From Science to Production in Minimum Effort

Elior Cohen
October 11, 2018

Hotlinks:
-
Denzel Deployment Framework

In the past year working through numerous data science projects in the organization I work for, I’ve spent hundreds of hours working with fellow data scientists.
Since the data science field is quite young, it is not surprising that my co-workers, as well as data scientist in general, come from various fields.
Mathematics, statistics, physics and even psychology, this diversity is quite positive as each one brings his strengths and views from his respective field.
Myself, I come from software engineering, and this naturally makes me inspect processes from an engineer’s perspective.

The margin between science and engineering

Working through a data science project many skills are required.
One should have mathematical understanding and intuition about the nature of the algorithms, statistical knowledge to create and test hypothesis about the problem, familiarity with algorithms and state of the art solutions and much more.
Engineering and programming skills don’t have to be at expert level in order to be a good data scientist.
It is absolutely possible to be a top field researcher, without ever knowing what HTTP verbs are, how to manage task queues with workers and brokers or how to build an in browser monitoring dashboard.
Production systems, on the other hand, require quite advanced engineering skills.

From my engineering point of view, I’ve noticed that this margin between science and engineering manifests itself once a data science project has to go from the research stage into production.
I’ve seen data scientists struggle with frameworks, and spending unnecessary time learning tools which are out of their necessary skill scope.
On the other hand I’ve seen production teams being delivered (from the data scientists team) projects that they don’t understand nor have idea how to incorporate within their organization’s production cycle.
Since this problem was real and reoccurring, I’ve decided to take a step and close this margin with an open source Python package.

Meet Denzel

Before I’ve opened my dracula-themed editor to start coding a framework, I’ve sat down to define the requirements:

  1. Data scientist first. The framework should have as minimum as necessary learning overhead for the data scientist and abstract the heavy lifting.
  2. Lean and fast. The development within the framework should be quick and the result should be as lean as possible.
  3. Production ready. Use production grade tools and practices, and its output should be something that could easily be delivered to a production engineer to operate with.

Three requirements, dozens hours of code, months of tests and real production use later the denzel package was born and now open sourced for public use.

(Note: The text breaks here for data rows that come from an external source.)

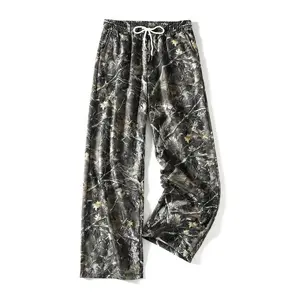 Women’s camo print tie-waist sweatpants, casual fashion pants, comfortable jogger pants for daily wear, ladies’ bottoms for all seasons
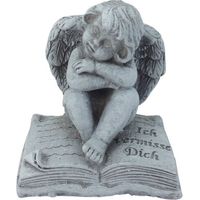 TrendLine Grabschmuck Engel mit Buch 7 x 6 cm grau Skulptur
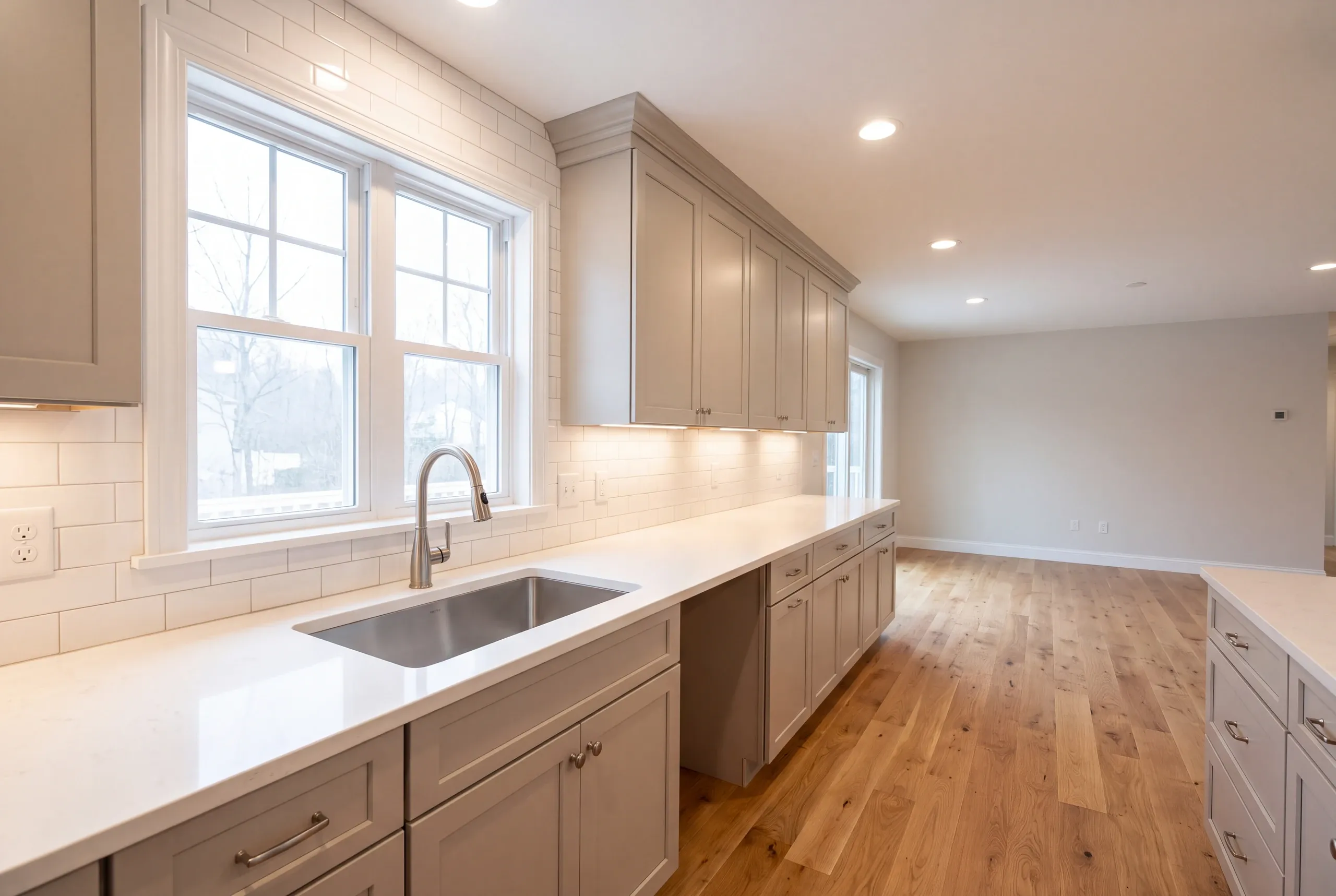 Builder measuring an existing Augusta kitchen before demolition begins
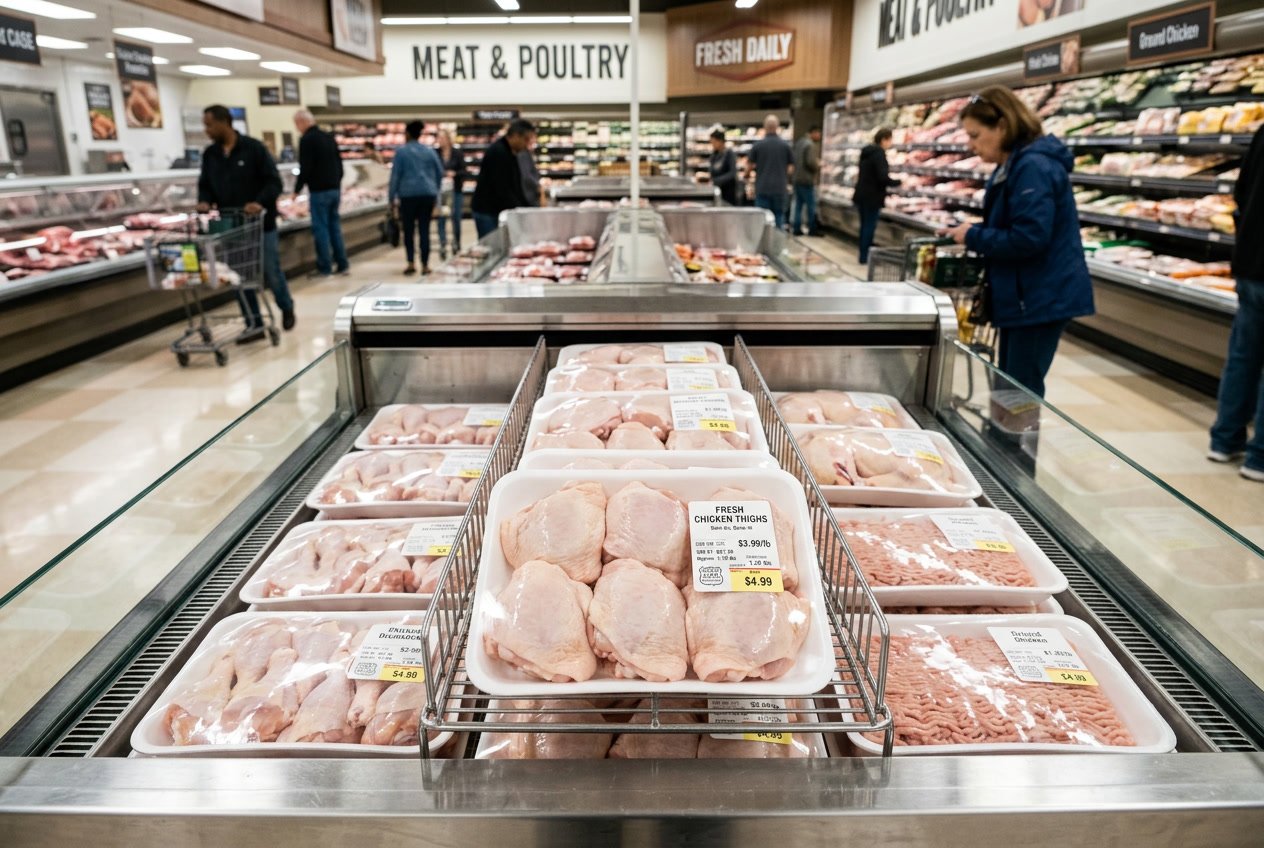 Supermarket meat section showing fresh chicken thighs displayed in refrigerated cases with shoppers in the background.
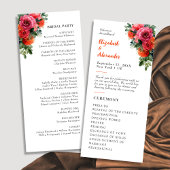 Moderne Aquarellblume Orange & Pink Hochzeit Programm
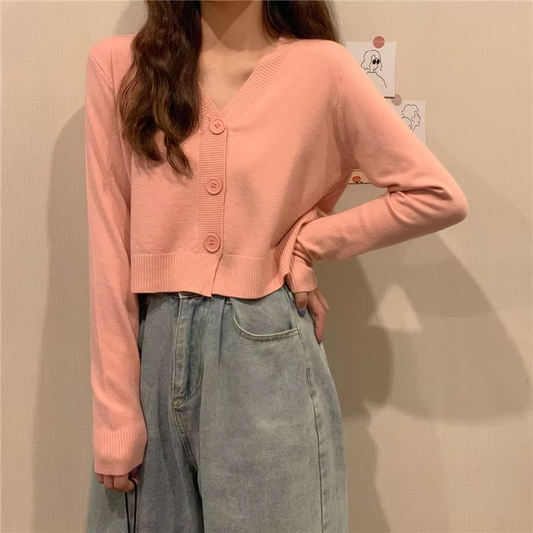 Chic Korean-Inspired Cropped Cardigan for Women - Stylish Long Sleeve V-Neck Sweater in Trendy Green and Blue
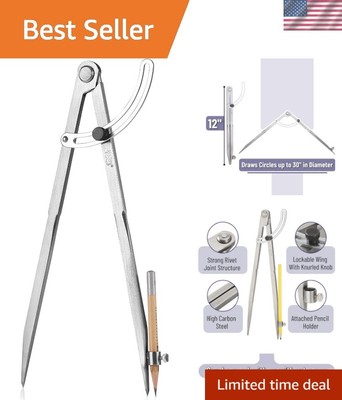 Precision 12 Inch Compass with Adjustable Legs for Accurate Measurements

Denzel is a minimal framework for deploying machine learning trained models.
Once you have a trained model persisted to disk, all you need is to implement four simple Python functions and denzel will give you:

  1. A docker-containerized project
  2. Expose API for end users to interact with your model
  3. Task management system to queue up and execute predictions
  4. In browser UI dashboard for monitoring your deployment

One of the important aspects here is the result in docker containerized. This means that anyone that knows how to manage docker containers in production could apply any production tool (like Kubernetes, Rancher etc.) and have limitless possibilities with regarding to scaling and deploying the project wherever. Also all the major cloud providers support docker deployment. All this magic without requiring the data scientist himself to learn docker, API building, task management or UI designing.

This project is fully supported by my employer Data Science Group Ltd. and is currently in use in a number of different deployments.
It saves our data scientists a lot of unnecessary time, and gives our clients a convenient way to integrate our solutions in their production systems.

Denzel is currently in alpha stage, this means that features will still be added to it and open sourcing it is the best way to see what the data science community really needs from it.

In order to use it, check the documentation and especially the tutorial, and an hour or so plus 60ish lines of codes later, you’d have your model deployed.

Hope you enjoyed this reading and that denzel will serve you well.

Happy deploying :)